October 26, 2023
KUALA LUMPUR – Now that the voting age has been lowered to 18 following the implementation of Undi18, it is time the Dewan Negara opened its doors to those over the age of 18 so that the youth can be appointed as members of the Dewan Negara, says Senate president Tan Sri Dr Wan Junaidi Tuanku Jaafar (pic).
With a big mission in mind just four months after becoming the Dewan Negara Speaker, Wan Junaidi said he is looking into creating a special provision under the Federal Constitution to facilitate this.
However, he pointed out that this will not apply to all senators.
“I plan to introduce amendments to the Federal Constitution so that we can appoint youth to be members of the Dewan Negara.

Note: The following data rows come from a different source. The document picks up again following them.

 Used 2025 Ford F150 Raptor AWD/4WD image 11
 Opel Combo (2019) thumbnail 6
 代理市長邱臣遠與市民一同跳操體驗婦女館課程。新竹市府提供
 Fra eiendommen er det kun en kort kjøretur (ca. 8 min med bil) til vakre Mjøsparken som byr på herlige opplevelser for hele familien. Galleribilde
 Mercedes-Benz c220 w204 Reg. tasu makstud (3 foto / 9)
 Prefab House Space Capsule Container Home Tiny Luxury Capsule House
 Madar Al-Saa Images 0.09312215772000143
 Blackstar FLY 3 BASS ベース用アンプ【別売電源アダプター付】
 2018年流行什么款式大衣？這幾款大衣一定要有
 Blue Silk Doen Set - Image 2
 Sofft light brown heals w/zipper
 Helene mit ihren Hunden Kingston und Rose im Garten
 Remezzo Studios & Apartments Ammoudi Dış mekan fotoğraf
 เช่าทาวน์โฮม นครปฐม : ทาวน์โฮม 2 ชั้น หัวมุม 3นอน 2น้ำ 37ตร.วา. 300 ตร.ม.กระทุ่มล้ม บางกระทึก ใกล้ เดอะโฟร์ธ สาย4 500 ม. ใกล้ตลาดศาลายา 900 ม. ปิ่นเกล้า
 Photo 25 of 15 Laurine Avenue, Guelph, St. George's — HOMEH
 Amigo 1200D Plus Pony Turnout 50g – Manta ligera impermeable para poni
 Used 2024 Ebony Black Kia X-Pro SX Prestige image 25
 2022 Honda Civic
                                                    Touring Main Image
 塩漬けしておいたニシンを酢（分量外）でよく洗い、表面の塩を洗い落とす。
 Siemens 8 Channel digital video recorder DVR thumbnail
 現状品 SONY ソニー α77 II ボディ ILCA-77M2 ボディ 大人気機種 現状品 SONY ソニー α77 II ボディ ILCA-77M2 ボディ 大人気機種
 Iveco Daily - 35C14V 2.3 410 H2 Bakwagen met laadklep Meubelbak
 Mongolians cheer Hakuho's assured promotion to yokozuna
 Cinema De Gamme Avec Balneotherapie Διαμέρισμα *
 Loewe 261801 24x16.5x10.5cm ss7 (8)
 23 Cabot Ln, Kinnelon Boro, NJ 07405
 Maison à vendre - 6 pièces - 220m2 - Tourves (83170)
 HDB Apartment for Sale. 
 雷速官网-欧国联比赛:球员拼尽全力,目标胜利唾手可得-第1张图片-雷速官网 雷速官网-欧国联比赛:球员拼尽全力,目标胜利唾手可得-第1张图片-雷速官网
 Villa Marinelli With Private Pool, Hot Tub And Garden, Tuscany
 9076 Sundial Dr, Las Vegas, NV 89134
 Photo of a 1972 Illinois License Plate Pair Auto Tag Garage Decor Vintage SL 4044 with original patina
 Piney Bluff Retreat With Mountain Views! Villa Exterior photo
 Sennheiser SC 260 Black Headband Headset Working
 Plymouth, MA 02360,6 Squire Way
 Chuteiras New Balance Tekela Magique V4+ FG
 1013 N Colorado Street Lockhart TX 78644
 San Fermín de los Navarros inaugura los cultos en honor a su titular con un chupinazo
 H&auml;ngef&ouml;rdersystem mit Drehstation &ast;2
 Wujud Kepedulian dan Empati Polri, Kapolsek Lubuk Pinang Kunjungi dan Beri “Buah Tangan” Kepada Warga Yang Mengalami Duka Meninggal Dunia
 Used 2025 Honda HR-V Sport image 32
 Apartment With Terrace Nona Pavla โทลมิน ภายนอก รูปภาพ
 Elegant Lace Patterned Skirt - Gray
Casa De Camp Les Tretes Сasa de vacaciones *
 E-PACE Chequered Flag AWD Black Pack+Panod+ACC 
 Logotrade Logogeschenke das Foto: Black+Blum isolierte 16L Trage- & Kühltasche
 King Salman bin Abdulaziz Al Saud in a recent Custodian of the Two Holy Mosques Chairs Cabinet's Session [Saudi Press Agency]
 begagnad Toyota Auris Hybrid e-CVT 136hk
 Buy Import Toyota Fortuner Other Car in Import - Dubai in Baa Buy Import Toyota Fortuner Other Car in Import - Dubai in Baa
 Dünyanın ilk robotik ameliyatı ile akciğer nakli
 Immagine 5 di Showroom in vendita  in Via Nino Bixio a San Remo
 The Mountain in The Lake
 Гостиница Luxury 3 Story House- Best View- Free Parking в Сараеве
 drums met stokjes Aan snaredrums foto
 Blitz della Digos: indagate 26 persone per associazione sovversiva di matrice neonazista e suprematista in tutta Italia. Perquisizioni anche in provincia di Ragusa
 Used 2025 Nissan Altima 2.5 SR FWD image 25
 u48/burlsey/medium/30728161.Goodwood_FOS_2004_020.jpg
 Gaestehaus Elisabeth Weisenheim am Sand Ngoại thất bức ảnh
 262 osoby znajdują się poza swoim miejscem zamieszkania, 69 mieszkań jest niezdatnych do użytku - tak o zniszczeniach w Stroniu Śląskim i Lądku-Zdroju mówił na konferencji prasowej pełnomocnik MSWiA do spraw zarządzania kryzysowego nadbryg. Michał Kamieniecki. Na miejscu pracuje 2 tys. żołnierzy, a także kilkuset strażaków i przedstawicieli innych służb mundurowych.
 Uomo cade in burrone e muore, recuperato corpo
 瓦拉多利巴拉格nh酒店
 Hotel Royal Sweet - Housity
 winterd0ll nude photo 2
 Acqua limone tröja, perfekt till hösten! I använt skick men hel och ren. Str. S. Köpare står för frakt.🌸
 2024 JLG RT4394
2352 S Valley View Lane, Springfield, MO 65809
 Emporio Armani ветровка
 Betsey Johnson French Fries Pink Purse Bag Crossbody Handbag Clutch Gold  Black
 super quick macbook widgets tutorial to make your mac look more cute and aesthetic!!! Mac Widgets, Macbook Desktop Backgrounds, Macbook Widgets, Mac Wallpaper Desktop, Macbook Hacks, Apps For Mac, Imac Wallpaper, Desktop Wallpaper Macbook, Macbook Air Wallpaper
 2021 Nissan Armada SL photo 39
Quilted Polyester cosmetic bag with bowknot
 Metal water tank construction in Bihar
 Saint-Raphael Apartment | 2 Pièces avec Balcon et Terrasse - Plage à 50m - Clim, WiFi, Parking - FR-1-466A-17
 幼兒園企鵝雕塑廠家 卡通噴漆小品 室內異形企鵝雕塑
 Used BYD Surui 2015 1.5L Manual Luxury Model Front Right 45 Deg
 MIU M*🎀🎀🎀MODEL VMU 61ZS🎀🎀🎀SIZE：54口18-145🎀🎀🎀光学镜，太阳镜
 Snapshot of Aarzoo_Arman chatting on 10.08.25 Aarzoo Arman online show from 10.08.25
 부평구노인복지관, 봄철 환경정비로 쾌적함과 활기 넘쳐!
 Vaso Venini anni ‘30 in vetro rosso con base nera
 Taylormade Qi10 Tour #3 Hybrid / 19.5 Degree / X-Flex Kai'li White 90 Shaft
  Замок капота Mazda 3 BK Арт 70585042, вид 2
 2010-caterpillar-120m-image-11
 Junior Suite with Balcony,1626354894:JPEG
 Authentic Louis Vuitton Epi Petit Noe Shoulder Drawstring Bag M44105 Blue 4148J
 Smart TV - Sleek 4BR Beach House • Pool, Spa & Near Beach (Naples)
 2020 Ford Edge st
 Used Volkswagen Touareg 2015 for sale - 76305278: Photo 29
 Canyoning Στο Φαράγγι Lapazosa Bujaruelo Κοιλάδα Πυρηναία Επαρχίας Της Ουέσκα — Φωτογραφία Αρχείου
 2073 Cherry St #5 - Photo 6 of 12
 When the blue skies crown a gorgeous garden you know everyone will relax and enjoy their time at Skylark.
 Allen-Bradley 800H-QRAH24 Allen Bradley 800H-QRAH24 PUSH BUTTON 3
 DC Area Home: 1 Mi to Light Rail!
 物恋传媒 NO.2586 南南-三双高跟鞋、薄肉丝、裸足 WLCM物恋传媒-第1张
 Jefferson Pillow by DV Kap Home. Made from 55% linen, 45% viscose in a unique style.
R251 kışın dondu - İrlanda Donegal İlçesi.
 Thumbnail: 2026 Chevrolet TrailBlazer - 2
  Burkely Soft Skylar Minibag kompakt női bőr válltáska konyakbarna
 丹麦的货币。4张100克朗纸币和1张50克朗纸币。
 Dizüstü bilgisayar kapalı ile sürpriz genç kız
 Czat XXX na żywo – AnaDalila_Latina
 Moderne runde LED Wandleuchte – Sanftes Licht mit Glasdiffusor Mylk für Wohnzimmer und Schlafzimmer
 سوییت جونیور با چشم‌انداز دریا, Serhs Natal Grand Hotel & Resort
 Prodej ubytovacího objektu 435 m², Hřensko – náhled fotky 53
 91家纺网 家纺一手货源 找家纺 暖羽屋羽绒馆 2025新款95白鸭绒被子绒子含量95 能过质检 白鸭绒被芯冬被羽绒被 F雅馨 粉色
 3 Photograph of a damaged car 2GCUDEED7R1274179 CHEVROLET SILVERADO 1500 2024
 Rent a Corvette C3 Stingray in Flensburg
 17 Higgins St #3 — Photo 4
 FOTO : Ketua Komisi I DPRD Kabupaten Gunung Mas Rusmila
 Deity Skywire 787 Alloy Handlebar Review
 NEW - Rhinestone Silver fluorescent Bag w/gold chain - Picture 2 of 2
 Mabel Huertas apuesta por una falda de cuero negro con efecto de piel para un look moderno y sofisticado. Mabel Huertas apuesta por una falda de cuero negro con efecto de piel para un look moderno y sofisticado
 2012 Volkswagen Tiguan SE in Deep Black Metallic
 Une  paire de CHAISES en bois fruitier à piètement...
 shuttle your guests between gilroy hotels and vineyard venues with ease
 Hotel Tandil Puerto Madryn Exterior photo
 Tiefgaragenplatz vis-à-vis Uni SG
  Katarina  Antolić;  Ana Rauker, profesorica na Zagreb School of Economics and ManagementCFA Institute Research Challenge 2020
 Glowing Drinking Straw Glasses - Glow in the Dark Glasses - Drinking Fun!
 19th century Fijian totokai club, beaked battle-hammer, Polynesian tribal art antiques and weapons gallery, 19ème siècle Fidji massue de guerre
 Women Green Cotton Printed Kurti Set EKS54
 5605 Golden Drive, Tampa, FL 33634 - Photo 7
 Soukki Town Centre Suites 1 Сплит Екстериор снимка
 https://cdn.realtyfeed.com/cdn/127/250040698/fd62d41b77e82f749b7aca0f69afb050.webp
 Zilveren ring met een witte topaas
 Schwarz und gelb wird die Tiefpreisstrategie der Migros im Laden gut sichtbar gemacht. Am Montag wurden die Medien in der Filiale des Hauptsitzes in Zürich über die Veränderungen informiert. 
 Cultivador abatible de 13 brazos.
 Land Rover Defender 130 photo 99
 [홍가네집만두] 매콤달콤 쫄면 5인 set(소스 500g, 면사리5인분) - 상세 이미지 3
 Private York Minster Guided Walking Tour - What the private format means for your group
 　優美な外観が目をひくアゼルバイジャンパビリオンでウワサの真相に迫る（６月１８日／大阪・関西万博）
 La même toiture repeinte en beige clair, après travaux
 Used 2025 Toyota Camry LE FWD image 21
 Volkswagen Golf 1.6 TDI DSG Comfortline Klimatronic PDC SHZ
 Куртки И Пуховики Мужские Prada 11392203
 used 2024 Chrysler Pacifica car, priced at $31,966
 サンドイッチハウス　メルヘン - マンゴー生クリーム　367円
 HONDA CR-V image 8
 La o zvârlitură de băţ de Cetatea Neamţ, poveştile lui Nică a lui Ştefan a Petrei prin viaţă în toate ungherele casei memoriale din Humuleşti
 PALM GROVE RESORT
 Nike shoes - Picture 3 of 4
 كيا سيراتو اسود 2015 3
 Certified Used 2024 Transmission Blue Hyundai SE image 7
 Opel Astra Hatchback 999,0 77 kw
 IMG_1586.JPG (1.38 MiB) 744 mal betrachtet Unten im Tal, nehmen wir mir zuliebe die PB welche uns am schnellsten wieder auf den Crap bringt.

“I propose we create a provision under (Article 45 of the Constitution) to appoint youths aged 18 and above,” he said in an interview with The Star at his office in the Parliament building here on Monday.
Currently, a person must be at least 30 years old to become a senator, but Wan Junaidi said appointing someone over the age of 18 to be a member of the Dewan Negara would allow the government to understand youth issues better.
“This way, we can have some input from the youth and learn from them about their demands.
“For example, a person who is studying in a university and gets elected to head a student union could automatically be appointed senator unless his character disqualifies him.
“The appointments could also include those (who are active) in well-organised youth groups. With this, we can have a bigger representation of the youth in the Dewan Negara.”
At the moment, the Senate consists of 70 senators and Wan Junaidi is on another mission to increase the number of members in the Upper House.
The former Law Minister said he is planning on doing this by adding more women into the fold, as well as having extra representatives from each state.
“For states, maybe increase the number to three each. For federal territories, perhaps we maintain one representative from Labuan but increase Putrajaya to two and Kuala Lumpur could have three.
“To increase women representation, another provision under the Constitution could be created for this purpose.
“We see men all the time and the number of women (involved in decision making) has not increased. We see women dominating many other areas but not at the decision-making level, and so, I would like to see more women representatives (in the Upper House),” he said.
The current membership of the Senate consists of 26 members elected by State Legislative Assemblies to represent the 13 states, with each state represented by two members.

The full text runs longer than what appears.